The problem -
All that is wanted is a word-for-word copy of the data from its first line to the line containing "4013 Laurel Road", both included.

Records supplied -

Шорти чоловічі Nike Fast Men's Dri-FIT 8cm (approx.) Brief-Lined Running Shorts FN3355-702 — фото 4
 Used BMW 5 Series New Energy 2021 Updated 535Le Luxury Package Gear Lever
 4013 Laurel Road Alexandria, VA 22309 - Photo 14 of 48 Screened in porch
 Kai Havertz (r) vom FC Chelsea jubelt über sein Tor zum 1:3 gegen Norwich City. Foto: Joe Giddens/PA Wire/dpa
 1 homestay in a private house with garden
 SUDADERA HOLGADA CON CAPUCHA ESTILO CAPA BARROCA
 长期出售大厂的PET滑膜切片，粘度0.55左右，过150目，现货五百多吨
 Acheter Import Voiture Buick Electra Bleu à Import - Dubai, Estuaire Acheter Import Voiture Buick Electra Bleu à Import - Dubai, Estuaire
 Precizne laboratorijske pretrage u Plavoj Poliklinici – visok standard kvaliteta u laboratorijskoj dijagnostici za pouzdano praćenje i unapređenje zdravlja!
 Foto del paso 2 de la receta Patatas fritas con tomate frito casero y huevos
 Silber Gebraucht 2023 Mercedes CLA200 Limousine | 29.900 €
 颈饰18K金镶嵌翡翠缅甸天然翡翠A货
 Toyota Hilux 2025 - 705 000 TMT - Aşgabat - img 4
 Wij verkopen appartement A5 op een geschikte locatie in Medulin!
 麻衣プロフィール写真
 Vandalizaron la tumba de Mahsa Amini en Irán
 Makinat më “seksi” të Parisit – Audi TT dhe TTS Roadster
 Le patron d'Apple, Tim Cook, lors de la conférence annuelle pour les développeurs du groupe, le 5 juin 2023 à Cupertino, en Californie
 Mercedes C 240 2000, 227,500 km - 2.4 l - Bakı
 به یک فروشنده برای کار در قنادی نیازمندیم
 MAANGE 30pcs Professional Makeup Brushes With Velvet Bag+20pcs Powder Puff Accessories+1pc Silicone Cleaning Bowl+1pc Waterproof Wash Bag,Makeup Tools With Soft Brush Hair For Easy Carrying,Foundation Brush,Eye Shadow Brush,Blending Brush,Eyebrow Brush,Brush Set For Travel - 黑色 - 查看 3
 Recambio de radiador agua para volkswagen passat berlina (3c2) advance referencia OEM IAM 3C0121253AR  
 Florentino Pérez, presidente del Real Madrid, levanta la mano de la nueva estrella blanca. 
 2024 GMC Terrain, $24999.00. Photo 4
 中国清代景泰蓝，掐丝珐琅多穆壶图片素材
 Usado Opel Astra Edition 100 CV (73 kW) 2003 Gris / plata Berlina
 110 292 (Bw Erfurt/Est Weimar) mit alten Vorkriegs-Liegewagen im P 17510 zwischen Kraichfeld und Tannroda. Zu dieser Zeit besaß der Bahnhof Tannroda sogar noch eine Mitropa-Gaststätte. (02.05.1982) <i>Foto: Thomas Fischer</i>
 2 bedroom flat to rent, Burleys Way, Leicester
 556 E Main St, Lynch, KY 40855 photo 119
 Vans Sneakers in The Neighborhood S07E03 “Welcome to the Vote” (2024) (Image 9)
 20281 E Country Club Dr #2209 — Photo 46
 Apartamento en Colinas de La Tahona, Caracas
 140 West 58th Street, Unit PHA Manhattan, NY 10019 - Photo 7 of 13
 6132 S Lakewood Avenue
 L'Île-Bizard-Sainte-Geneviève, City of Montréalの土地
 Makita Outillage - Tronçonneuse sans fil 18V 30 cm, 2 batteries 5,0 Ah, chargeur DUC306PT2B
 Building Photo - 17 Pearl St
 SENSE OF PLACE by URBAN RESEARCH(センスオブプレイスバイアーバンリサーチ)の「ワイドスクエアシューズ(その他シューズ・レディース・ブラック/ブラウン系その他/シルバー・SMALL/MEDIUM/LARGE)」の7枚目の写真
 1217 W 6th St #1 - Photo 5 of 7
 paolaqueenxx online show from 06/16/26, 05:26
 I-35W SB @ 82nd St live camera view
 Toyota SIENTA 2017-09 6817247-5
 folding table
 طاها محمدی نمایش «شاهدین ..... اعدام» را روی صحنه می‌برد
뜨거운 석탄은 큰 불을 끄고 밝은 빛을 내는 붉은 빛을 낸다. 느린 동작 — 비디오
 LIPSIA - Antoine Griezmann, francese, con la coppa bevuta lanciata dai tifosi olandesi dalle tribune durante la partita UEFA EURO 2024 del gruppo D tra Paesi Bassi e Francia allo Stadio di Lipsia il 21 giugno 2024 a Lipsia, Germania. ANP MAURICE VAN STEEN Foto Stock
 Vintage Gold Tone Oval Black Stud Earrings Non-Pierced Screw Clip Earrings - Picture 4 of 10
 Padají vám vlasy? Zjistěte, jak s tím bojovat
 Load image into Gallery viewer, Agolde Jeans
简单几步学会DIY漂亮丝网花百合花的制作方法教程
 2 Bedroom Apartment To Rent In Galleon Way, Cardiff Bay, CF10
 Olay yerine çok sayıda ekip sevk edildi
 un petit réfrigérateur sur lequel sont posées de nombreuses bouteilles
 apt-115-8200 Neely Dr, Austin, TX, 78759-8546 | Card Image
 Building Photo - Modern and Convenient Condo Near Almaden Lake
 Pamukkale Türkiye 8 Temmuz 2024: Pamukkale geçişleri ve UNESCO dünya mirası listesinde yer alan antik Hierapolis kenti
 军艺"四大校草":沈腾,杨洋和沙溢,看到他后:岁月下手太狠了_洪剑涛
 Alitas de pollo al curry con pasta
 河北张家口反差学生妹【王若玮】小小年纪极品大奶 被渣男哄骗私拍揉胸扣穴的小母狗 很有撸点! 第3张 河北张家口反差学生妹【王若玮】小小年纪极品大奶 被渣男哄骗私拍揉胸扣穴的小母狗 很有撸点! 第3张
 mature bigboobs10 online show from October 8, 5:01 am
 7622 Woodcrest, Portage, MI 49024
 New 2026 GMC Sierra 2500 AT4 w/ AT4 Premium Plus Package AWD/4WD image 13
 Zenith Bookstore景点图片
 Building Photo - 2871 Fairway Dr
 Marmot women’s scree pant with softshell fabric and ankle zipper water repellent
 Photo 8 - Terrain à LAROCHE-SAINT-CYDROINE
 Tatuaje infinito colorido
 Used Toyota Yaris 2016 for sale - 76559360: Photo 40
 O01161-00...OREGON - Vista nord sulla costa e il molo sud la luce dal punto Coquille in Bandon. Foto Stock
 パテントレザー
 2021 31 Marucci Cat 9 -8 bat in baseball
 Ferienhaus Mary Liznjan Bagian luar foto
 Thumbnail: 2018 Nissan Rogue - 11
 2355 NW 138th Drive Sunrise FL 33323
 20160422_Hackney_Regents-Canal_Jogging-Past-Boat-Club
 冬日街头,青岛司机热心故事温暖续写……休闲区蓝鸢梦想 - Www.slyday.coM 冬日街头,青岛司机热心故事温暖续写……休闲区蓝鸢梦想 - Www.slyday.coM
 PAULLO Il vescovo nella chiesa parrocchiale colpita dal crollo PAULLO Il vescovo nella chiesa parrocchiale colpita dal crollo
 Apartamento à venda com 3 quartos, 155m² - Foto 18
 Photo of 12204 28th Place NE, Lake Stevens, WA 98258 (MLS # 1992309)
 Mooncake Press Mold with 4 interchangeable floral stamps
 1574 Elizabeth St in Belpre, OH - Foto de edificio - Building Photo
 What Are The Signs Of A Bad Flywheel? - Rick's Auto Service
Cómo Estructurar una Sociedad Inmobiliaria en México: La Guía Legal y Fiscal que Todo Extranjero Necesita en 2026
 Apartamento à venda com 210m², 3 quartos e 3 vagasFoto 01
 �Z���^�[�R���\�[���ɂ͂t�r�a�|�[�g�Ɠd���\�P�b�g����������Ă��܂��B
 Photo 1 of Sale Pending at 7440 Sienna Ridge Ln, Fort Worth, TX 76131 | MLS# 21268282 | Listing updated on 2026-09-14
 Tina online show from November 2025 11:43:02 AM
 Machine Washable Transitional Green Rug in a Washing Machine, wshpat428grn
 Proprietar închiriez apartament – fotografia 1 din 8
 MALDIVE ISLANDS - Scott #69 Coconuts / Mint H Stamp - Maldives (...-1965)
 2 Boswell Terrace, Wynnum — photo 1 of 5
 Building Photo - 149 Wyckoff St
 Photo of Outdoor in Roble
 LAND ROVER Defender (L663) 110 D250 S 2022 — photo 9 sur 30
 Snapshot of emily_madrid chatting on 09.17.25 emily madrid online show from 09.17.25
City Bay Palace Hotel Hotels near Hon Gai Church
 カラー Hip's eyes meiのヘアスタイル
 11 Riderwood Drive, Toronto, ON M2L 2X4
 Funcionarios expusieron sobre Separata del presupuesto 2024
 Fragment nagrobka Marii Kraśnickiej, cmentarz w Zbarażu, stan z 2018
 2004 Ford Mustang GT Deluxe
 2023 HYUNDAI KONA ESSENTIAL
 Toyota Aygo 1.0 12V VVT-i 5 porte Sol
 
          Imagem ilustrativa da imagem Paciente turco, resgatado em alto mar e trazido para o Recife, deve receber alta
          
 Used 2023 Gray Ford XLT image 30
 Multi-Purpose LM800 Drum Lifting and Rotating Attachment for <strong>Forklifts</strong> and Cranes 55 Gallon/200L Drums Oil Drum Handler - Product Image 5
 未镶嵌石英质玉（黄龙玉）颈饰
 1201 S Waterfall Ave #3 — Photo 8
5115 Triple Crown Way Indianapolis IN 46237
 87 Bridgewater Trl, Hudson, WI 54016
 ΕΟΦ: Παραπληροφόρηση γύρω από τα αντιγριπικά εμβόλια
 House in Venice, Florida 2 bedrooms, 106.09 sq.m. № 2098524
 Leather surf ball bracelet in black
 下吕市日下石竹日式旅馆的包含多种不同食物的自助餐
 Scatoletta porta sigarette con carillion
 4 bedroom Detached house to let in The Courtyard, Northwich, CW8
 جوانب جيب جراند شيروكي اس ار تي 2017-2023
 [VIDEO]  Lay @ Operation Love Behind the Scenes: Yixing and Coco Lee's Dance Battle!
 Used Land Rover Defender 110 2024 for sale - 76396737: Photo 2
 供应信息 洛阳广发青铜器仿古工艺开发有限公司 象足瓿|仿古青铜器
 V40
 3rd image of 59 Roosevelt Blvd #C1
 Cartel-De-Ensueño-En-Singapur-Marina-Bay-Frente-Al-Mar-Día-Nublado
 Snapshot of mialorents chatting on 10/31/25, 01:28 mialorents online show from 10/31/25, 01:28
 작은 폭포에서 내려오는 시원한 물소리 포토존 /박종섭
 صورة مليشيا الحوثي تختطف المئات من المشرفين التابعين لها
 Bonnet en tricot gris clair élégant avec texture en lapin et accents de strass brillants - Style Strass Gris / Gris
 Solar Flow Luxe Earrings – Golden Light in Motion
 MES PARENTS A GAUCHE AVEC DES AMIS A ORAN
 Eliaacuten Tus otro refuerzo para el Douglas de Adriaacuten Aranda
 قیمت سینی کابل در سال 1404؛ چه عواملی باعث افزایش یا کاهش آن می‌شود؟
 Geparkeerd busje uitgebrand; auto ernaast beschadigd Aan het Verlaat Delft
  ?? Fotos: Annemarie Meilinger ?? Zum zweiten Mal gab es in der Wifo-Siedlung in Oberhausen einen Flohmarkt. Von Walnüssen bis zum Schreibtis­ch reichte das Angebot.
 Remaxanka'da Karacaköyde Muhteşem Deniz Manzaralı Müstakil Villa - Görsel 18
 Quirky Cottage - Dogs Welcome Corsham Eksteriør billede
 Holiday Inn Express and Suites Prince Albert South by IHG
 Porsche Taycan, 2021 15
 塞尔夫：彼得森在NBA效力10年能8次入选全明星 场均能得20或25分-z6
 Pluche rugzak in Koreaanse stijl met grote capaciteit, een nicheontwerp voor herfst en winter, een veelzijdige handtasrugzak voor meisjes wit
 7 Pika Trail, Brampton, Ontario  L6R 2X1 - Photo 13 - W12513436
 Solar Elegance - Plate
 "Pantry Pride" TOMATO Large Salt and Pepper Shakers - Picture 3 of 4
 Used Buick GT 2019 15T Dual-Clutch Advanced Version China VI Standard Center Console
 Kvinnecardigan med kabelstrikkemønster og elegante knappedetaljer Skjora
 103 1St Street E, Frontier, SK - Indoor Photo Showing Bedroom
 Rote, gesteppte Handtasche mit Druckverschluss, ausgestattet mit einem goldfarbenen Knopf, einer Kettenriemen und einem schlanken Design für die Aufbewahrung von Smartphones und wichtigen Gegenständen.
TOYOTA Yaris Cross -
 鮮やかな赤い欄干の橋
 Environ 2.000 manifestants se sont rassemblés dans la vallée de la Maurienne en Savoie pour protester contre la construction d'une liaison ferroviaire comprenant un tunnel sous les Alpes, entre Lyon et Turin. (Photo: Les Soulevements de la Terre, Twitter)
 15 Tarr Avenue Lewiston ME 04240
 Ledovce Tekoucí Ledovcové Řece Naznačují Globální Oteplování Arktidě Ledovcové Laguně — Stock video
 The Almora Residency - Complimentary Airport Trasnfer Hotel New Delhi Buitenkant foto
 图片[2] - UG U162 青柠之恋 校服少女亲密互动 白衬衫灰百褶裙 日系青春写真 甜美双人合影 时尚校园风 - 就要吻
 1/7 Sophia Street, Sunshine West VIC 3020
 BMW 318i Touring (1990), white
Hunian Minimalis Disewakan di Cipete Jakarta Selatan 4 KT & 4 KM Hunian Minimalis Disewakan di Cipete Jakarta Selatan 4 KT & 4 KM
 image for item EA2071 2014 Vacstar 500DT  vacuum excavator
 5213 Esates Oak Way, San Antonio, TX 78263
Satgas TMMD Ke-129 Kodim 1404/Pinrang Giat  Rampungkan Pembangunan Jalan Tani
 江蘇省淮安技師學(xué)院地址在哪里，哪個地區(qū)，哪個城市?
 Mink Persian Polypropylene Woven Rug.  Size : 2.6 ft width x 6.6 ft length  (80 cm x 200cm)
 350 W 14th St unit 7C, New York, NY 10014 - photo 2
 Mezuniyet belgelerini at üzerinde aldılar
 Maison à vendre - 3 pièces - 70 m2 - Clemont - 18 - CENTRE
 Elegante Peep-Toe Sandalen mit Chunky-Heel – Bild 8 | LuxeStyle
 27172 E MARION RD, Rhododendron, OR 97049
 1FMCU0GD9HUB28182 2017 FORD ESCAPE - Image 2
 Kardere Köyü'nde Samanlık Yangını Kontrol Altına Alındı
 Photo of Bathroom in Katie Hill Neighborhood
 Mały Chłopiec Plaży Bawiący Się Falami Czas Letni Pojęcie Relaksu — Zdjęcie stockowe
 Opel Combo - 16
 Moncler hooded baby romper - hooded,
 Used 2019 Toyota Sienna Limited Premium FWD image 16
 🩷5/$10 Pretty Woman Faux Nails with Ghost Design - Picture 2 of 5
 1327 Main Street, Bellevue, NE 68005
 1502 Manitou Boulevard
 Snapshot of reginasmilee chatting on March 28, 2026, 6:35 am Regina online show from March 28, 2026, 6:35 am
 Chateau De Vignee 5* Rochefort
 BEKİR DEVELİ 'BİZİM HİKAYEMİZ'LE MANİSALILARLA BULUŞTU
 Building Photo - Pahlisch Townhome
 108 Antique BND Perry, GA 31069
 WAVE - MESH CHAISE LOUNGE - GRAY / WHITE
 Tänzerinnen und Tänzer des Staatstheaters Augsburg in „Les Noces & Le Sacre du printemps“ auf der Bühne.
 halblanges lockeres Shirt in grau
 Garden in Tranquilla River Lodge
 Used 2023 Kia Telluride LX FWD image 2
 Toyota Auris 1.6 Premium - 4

Answer to this task -
Шорти чоловічі Nike Fast Men's Dri-FIT 8cm (approx.) Brief-Lined Running Shorts FN3355-702 — фото 4
 Used BMW 5 Series New Energy 2021 Updated 535Le Luxury Package Gear Lever
 4013 Laurel Road Alexandria, VA 22309 - Photo 14 of 48 Screened in porch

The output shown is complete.